Exercise objective: When you reach the line below that has "Thank you very", start returning lines exactly, and stop after the line that has "Hey guys, this"; skip the pictures.

Extracted records:
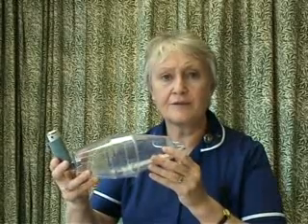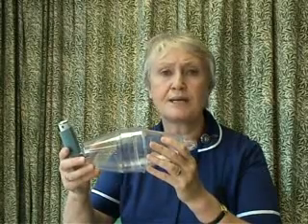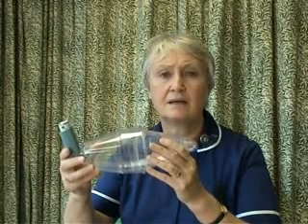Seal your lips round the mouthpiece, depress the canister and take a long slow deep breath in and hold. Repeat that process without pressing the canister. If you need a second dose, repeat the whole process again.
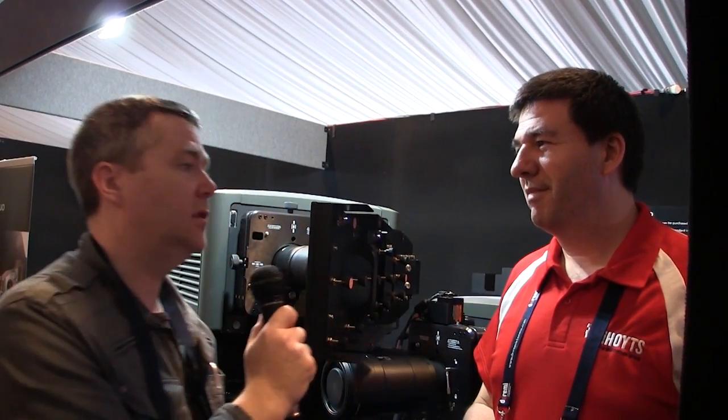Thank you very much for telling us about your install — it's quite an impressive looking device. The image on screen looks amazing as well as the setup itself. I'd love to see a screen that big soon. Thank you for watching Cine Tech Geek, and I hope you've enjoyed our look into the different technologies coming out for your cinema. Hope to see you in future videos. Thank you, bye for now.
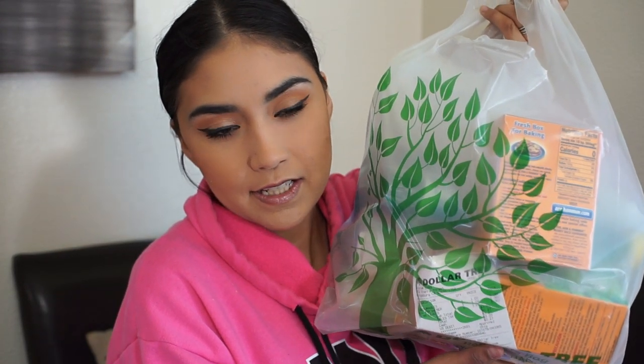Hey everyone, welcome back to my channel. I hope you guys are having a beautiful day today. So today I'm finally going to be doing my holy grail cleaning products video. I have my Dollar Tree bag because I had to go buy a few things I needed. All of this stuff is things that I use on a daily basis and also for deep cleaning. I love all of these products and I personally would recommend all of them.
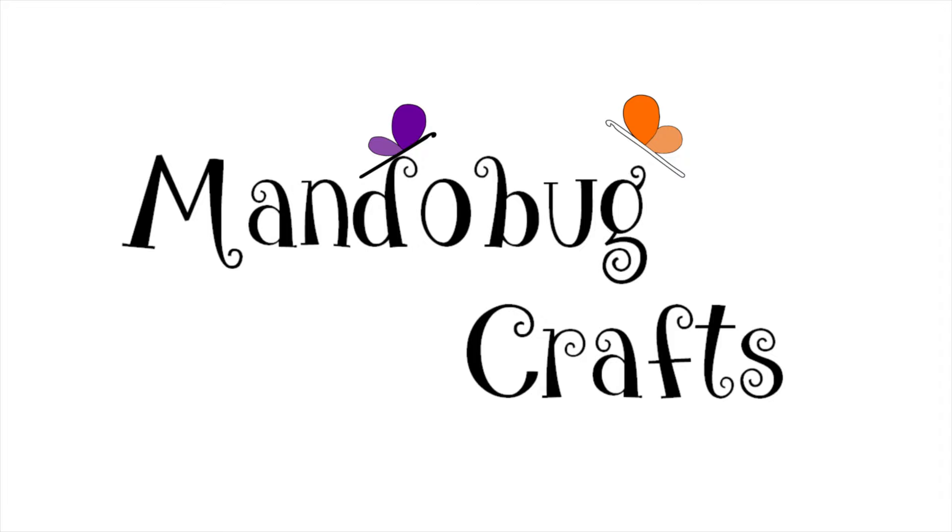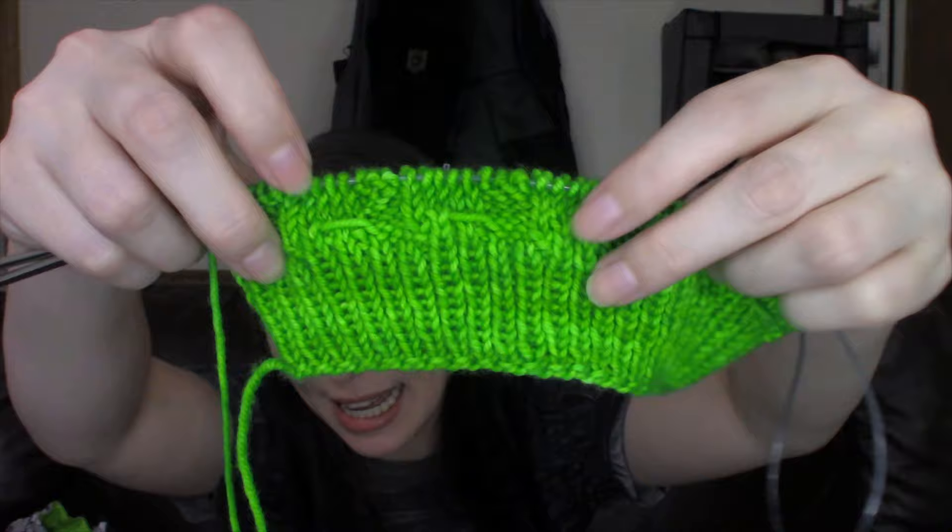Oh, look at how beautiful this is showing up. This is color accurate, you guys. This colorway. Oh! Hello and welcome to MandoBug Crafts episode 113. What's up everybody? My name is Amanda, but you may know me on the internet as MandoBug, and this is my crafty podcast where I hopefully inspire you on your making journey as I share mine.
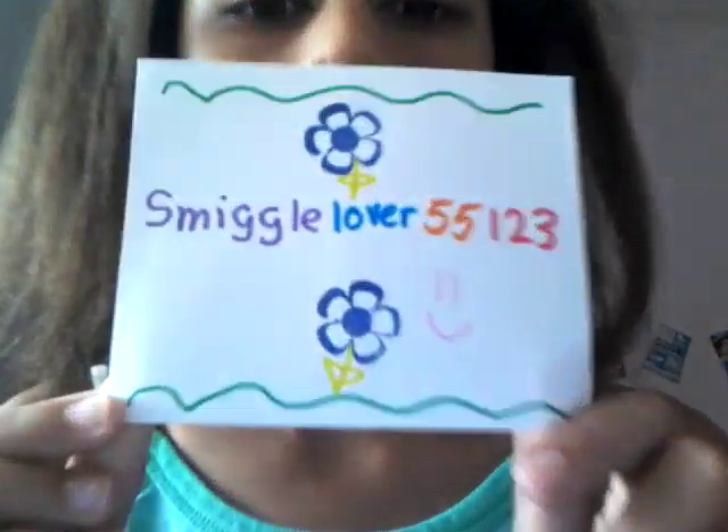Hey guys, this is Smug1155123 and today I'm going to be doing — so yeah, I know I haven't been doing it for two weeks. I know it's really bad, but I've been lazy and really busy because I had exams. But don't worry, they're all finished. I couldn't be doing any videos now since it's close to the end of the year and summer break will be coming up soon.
==
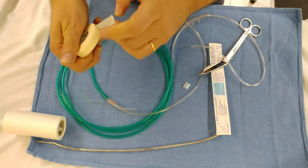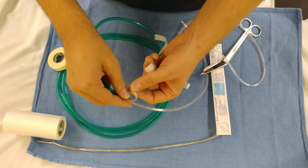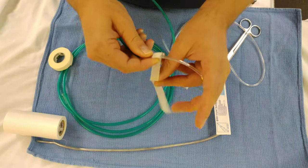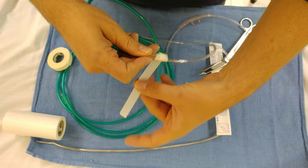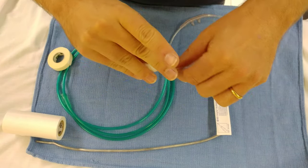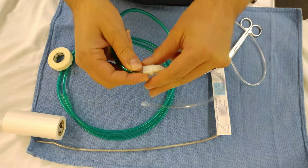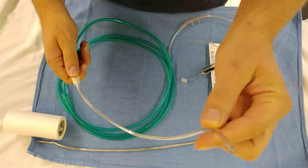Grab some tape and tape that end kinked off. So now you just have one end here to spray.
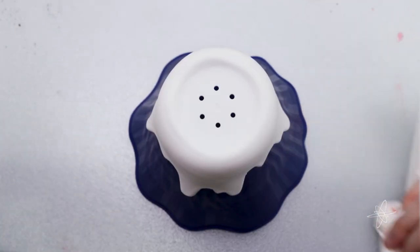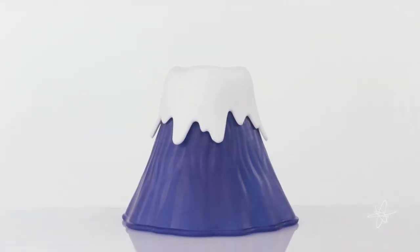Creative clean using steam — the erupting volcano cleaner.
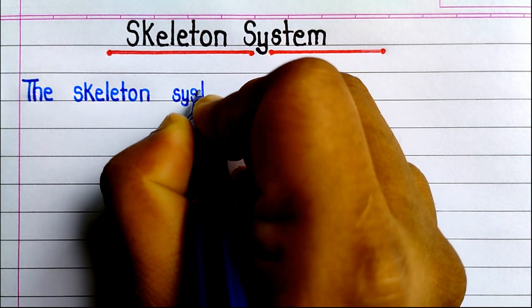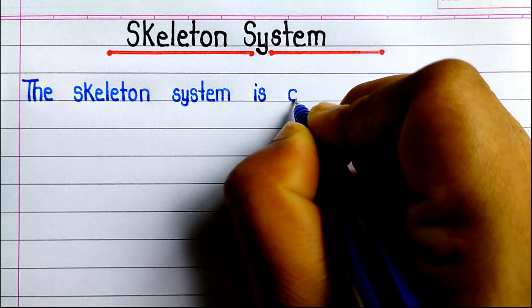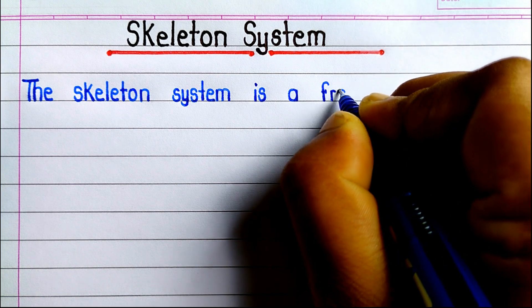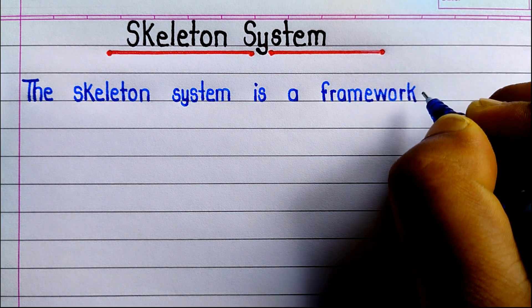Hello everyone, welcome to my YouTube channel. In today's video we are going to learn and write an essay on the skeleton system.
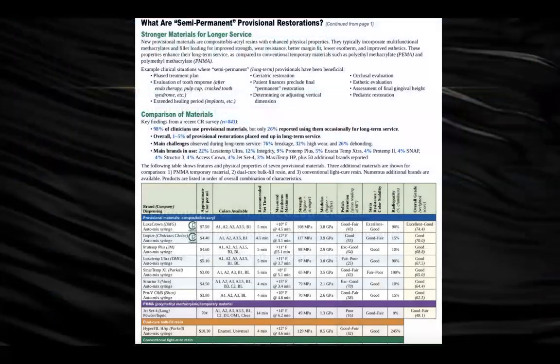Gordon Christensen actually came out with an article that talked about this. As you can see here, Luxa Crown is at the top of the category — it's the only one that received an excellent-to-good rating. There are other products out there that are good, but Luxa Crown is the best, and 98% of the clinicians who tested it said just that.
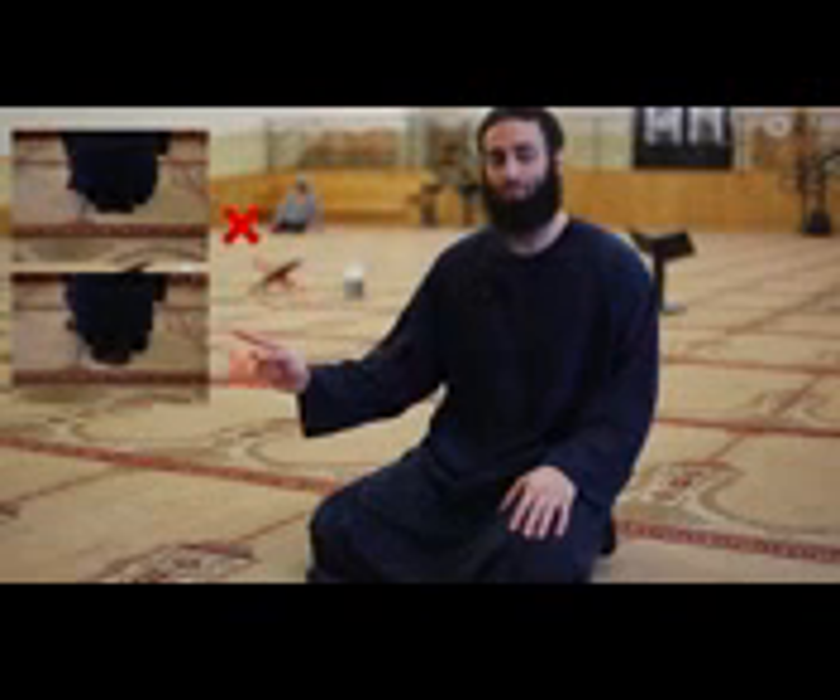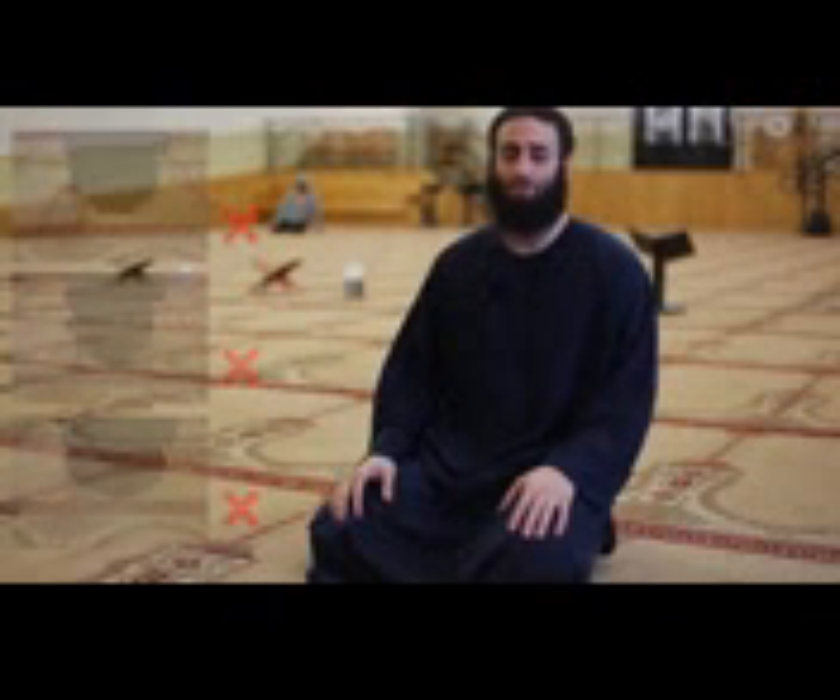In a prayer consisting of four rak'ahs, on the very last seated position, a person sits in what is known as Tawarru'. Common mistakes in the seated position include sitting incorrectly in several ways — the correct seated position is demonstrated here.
* * *
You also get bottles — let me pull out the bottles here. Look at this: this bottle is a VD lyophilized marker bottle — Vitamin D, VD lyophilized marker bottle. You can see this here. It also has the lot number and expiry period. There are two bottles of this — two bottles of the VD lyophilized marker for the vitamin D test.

Task answer:
Thank you very much for telling us about your install — it's quite an impressive looking device. The image on screen looks amazing as well as the setup itself. I'd love to see a screen that big soon. Thank you for watching Cine Tech Geek, and I hope you've enjoyed our look into the different technologies coming out for your cinema. Hope to see you in future videos. Thank you, bye for now.
Hey everyone, welcome back to my channel. I hope you guys are having a beautiful day today. So today I'm finally going to be doing my holy grail cleaning products video. I have my Dollar Tree bag because I had to go buy a few things I needed. All of this stuff is things that I use on a daily basis and also for deep cleaning. I love all of these products and I personally would recommend all of them.
Oh, look at how beautiful this is showing up. This is color accurate, you guys. This colorway. Oh! Hello and welcome to MandoBug Crafts episode 113. What's up everybody? My name is Amanda, but you may know me on the internet as MandoBug, and this is my crafty podcast where I hopefully inspire you on your making journey as I share mine.
Hey guys, this is Smug1155123 and today I'm going to be doing — so yeah, I know I haven't been doing it for two weeks. I know it's really bad, but I've been lazy and really busy because I had exams. But don't worry, they're all finished. I couldn't be doing any videos now since it's close to the end of the year and summer break will be coming up soon.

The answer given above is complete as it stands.